– Когда мы говорим о принципах функционирования российской власти, естественным образом появляется слово «авторитаризм». При этом не совсем понятно, что оно проясняет и проясняет ли что-нибудь. Имеет ли оно хоть какое-то объяснительное значение?
Хоть какое-то – имеет. Вот недавно умер Юрий Михайлович Лужков. Собственно, что сделал Лужков? Он у всех на глазах, во времена полного и безоговорочного демократического консенсуса, когда никому в голову даже не приходило, что можно произносить что-то иное, кроме клятв верности демократии (разве что Проханов выступал с антидемократических позиций, да и то это была, скорее, эстетская позиция, эстетический антидемократизм), буквально за несколько месяцев создал в Москве идеальную авторитарную модель управления. В июне 1992 года он был назначен мэром (не избран, а именно назначен), а уже в 1993 году хохотал в Верховном совете России, когда Верховный совет угрожал его снять. Снимете? Да каким образом? Это же моя власть. Здесь в Москве власть у меня. Это моя Москва. Это уже уверенное чувство хозяина власти. Не человека, временно избранного, а человека, которому власть принадлежит. Это его благоприобретенная собственность.
Вот так внутри демократического консенсуса просто взял и возник авторитаризм. И тут никто даже не видел противоречия. Как тогда же сформулировал министр печати и информации Михаил Федотов: «Настоящая демократия – это диктатура настоящего демократа». И это была вовсе не шутка, это все на полном серьезе.
Авторитаризм возник задолго до Путина как естественное развитие той революции сверху, которая произошла в России. Гефтер говорил (я правда, должен признаться, пропустил тогда это мимо ушей) – революция сверху это всегда процесс приватизации власти. В первую очередь, власти, а потом уже собственности и всего остального.

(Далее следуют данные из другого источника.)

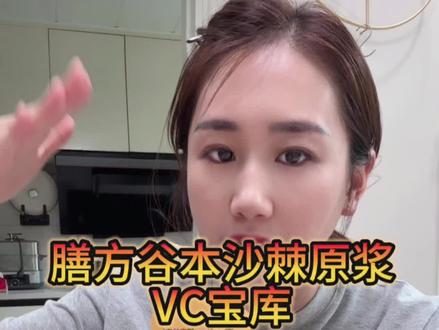 女人真的要把vc这种基础元素重视起来!内在健康,外在才会鲜活!#vc#维生素#膳方谷本麦卢卡沙棘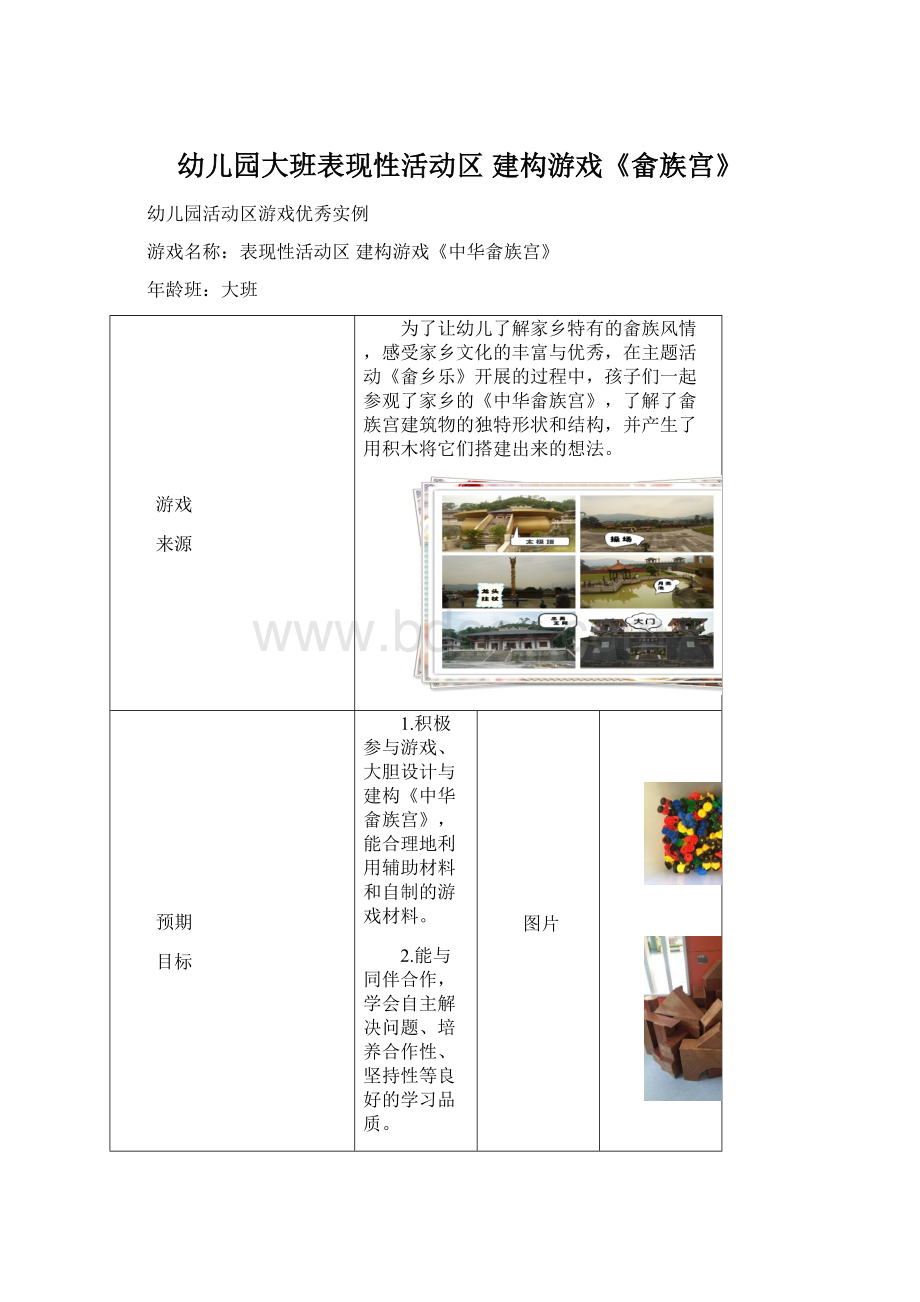 幼儿园大班表现性活动区 建构游戏《畲族宫》.docx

Лужков практически до конца сохранил модель дружелюбного авторитаризма. Дружелюбного, разумеется, вполне условно – по факту он мог быть совсем не дружелюбным, а вполне страшным. Когда Марат Гельман развернул кампанию против памятника Петру, то Зураб Церетели сказал Лужкову – и это была вполне стандартная форма, – не беспокойся, я сам решу вопрос. Лужков тогда ответил – нет, не надо, не трогай парня. Но мы все понимаем, сколько раз он этого не говорил. Часто вопрос так и решался. Собственно, Лужкову ничего такого не надо было приказывать, точно так же, как и сейчас Путину не надо ничего приказывать. Просто ему говорят: «Не беспокойся, я решу вопрос».